A Justiça de Minas Gerais condenou o prefeito de Riachinho, município localizado na região Noroeste do estado, e o ex-vice-prefeito por envolvimento em esquema de extorsão que resultou na cobrança ilegal de propina de uma empresa fornecedora de serviços de internet à administração municipal. A decisão foi tomada pela 3ª Câmara Criminal do Tribunal de Justiça de Minas Gerais (TJMG), atendendo a pedido do Ministério Público de Minas Gerais (MPMG), e também responsabilizou um servidor comissionado lotado na prefeitura, além de uma quarta pessoa condenada por falso testemunho.
Segundo as investigações, o esquema de extorsão teve início em fevereiro de 2021, e se estendeu até outubro do mesmo ano, totalizando aproximadamente R$ 18 mil em pagamentos ilegais. A prática consistia na exigência de uma quantia mensal de R$ 2 mil, sob a justificativa de garantir a continuidade do contrato de fornecimento de internet entre a prefeitura e a prestadora de serviços. A cobrança era realizada de forma contínua durante esse período, configurando uma prática de extorsão por parte dos agentes públicos envolvidos.

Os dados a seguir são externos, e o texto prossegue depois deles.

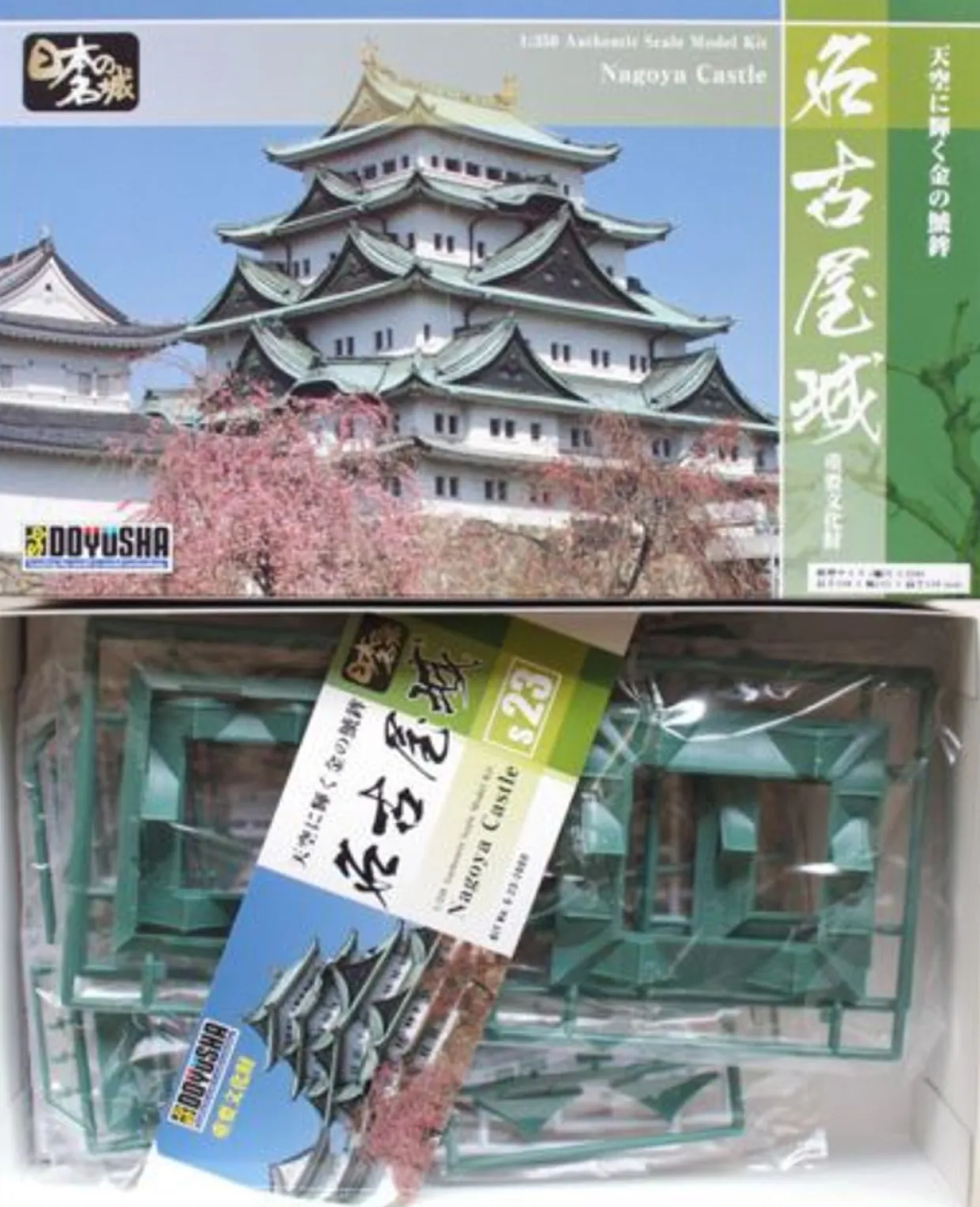 Sale Doyusha S23 Japanese Nagoya Castle 1/350 Scale Plastic Model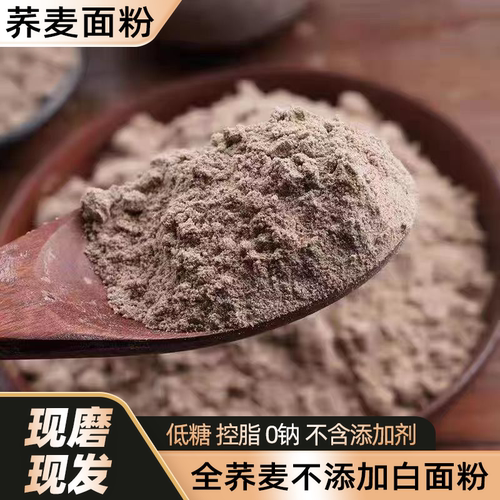 纯荞麦面粉5斤糖尿人手工无糖精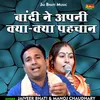 About Bandi Ne Apani Kya Kya Pahachan (Hindi) Song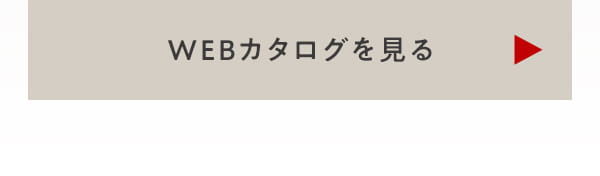 COROLLA TOURING WEBカタログを見る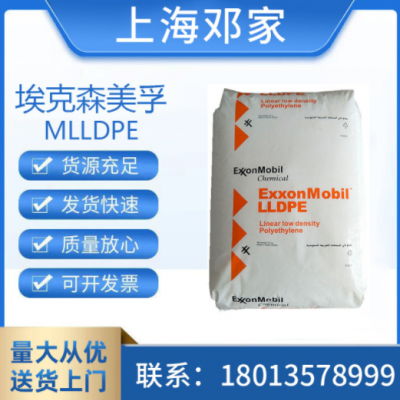 茂金属原料 MLLDPE 埃克森化学 3518CB 抗撕裂 透明流延膜 薄膜级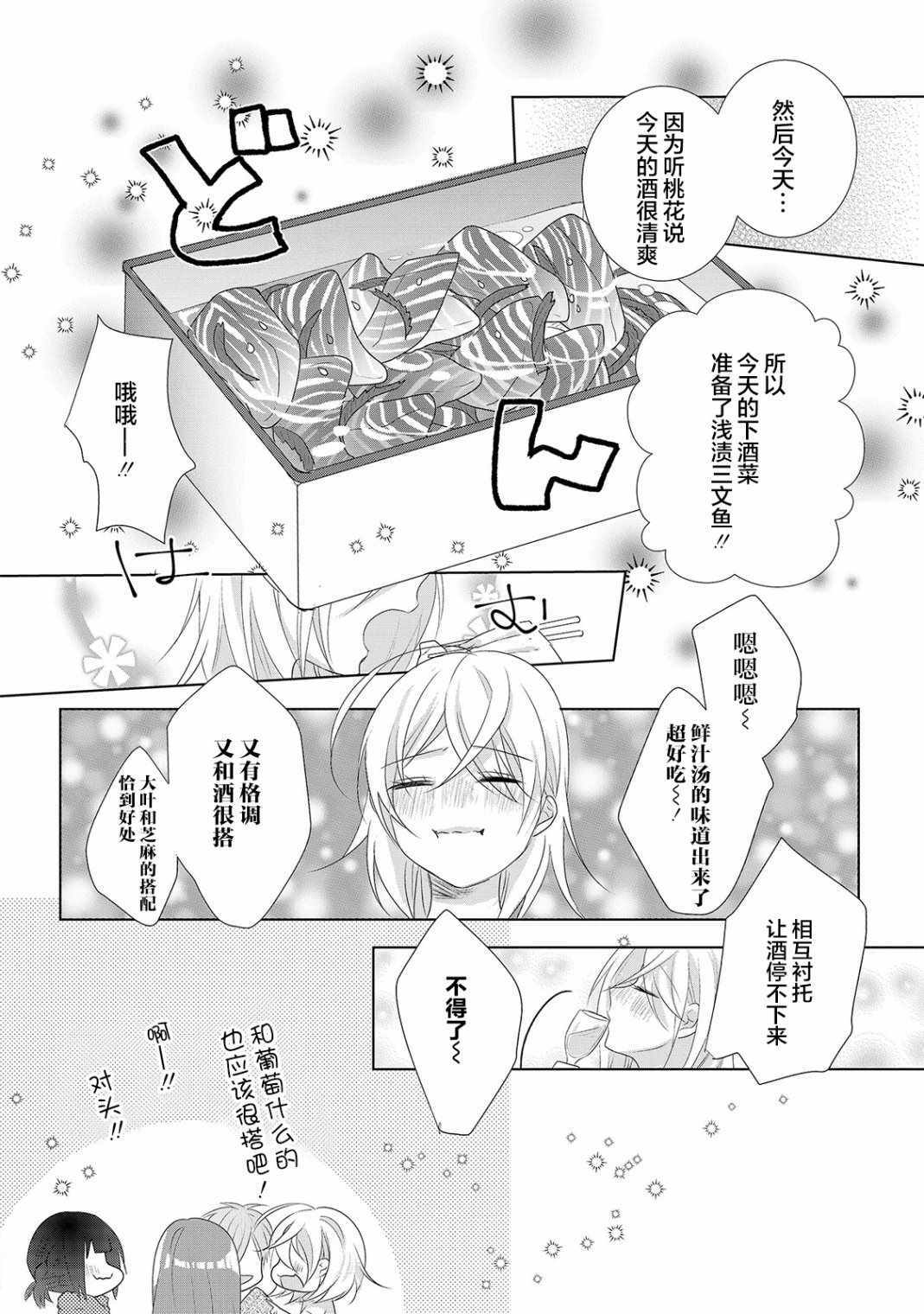 《Happy Hour Girls》漫画 003集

A operação que levou à descoberta do esquema foi desencadeada após os representantes da empresa de internet decidirem registrar gravações em áudio e vídeo das reuniões com os envolvidos. Essas provas foram anexadas ao processo e fundamentaram a condenação dos responsáveis. De acordo com os autos, o então prefeito de Riachinho utilizava a exigência de pagamento como uma forma de proteger o contrato de fornecimento de internet, evitando sua rescisão por parte do município. Para operacionalizar a cobrança ilegal, o então vice-prefeito e um servidor do gabinete municipal participaram ativamente, mantendo o esquema ativo por cerca de nove meses.
Em decorrência da condenação, o prefeito, o ex-vice-prefeito e o servidor comissionado receberam penas de cinco anos, dois meses e seis dias de reclusão, inicialmente em regime semiaberto. A condenação também inclui efeitos colaterais severos, como a inelegibilidade a partir da condenação e por até oito anos após o cumprimento das penas, além da perda de cargos públicos e suspensão dos direitos políticos durante o período de vigência da sentença.
A condenação do quarto envolvido, por falso testemunho, resultou em uma pena de dois anos de prisão, inicialmente em regime aberto, que foi convertida em duas medidas restritivas de direitos: prestação de serviços à comunidade e pagamento de prestação pecuniária.
Este caso evidencia o impacto de práticas ilícitas na administração pública, além de reforçar a atuação do Ministério Público e do sistema judiciário na repressão à corrupção e à extorsão por parte de agentes públicos.